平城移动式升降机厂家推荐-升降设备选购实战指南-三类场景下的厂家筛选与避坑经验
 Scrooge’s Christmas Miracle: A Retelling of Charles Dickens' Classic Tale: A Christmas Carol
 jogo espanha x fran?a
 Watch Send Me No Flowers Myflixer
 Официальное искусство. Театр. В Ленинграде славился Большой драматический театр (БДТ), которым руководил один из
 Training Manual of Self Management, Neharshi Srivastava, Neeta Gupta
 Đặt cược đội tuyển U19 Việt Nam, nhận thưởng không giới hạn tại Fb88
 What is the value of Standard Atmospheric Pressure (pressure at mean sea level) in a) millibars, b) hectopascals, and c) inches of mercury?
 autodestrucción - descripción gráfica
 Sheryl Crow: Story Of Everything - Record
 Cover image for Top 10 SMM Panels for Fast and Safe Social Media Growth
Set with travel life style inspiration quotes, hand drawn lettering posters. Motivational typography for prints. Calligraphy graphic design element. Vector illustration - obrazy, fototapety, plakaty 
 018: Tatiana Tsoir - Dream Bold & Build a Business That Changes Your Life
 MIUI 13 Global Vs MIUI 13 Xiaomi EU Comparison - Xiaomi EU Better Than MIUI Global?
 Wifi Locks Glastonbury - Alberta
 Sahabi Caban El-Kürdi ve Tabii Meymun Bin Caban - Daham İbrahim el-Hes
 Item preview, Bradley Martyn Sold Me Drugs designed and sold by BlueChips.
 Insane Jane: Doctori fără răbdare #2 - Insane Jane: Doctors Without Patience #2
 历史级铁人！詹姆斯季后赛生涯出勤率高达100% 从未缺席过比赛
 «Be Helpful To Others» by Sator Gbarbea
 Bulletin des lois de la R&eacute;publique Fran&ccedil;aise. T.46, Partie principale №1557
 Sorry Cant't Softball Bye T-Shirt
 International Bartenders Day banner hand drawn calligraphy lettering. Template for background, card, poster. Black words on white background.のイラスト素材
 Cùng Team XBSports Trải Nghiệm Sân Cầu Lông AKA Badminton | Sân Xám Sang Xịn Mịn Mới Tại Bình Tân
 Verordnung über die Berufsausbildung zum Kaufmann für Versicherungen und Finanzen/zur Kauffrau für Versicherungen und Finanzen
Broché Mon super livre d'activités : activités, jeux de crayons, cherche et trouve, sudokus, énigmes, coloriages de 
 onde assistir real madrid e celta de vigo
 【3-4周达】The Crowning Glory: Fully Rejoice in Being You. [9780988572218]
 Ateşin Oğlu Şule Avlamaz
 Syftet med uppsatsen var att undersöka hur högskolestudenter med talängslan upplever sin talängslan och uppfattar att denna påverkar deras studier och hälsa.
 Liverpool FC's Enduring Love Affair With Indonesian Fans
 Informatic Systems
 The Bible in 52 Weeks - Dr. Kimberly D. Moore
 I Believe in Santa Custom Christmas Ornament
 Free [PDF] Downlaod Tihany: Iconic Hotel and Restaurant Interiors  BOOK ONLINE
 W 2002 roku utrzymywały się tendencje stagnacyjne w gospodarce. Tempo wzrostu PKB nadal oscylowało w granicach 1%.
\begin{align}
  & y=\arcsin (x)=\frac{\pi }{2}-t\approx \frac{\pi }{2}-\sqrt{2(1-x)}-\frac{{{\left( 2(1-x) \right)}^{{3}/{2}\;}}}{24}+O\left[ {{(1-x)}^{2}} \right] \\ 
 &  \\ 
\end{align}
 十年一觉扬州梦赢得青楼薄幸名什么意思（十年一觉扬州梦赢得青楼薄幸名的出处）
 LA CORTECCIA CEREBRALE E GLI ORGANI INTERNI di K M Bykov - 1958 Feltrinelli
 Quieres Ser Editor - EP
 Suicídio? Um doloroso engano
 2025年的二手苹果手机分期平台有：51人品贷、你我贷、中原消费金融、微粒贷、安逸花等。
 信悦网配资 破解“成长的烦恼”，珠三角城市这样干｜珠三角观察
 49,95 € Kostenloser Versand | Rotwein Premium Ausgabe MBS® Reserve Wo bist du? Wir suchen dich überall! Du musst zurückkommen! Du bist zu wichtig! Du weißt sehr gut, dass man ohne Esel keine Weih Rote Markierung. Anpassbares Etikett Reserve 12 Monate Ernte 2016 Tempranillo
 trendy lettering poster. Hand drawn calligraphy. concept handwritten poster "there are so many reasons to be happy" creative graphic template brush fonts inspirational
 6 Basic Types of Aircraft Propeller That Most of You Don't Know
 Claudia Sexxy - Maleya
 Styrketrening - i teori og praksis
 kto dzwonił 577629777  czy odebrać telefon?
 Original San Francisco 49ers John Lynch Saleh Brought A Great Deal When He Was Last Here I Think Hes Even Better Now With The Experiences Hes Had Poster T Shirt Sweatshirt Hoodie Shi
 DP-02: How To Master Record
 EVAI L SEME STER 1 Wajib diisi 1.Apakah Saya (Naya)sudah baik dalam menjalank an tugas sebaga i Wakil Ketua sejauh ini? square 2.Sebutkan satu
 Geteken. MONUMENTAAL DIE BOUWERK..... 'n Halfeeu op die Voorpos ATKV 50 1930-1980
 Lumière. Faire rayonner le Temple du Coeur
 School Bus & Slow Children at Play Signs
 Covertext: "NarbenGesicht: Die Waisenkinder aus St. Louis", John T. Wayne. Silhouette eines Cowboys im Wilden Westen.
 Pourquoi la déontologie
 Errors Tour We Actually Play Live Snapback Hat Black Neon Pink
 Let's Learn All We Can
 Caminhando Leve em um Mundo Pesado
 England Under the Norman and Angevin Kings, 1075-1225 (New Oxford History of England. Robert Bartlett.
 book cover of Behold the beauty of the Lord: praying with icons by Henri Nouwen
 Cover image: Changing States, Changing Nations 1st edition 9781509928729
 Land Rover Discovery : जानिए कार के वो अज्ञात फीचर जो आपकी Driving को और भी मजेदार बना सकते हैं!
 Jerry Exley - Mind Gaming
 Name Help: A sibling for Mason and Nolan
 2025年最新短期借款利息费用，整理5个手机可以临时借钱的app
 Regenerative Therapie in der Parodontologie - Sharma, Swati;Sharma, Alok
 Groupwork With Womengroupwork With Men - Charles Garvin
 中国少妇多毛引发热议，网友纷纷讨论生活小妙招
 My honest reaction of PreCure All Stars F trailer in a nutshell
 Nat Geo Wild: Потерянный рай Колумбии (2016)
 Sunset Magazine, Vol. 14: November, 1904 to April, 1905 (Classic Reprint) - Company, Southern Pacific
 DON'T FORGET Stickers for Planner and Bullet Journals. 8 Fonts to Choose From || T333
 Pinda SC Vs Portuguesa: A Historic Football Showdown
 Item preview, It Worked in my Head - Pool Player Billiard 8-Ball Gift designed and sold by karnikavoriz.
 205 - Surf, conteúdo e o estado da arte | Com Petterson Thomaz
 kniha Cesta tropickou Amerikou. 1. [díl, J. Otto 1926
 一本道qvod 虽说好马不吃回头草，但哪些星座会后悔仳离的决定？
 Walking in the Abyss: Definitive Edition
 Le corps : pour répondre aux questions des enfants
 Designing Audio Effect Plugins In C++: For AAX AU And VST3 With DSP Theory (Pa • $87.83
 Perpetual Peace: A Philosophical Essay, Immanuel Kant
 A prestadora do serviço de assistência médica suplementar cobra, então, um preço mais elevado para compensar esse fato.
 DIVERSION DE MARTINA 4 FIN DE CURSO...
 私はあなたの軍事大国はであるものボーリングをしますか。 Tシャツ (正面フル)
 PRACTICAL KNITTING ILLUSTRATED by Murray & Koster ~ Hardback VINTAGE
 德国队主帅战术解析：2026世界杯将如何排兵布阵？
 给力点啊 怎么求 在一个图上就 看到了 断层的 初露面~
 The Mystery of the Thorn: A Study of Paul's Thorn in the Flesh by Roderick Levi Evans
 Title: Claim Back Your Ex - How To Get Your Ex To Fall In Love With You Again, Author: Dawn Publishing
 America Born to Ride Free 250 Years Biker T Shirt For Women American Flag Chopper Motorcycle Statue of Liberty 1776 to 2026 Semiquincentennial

************

EXERCISE DIRECTIONS:
Copy the lines above exactly, from the very first through the one containing "Training Manual of", and include no other line.

SOLVED PROBLEM:
平城移动式升降机厂家推荐-升降设备选购实战指南-三类场景下的厂家筛选与避坑经验
 Scrooge’s Christmas Miracle: A Retelling of Charles Dickens' Classic Tale: A Christmas Carol
 jogo espanha x fran?a
 Watch Send Me No Flowers Myflixer
 Официальное искусство. Театр. В Ленинграде славился Большой драматический театр (БДТ), которым руководил один из
 Training Manual of Self Management, Neharshi Srivastava, Neeta Gupta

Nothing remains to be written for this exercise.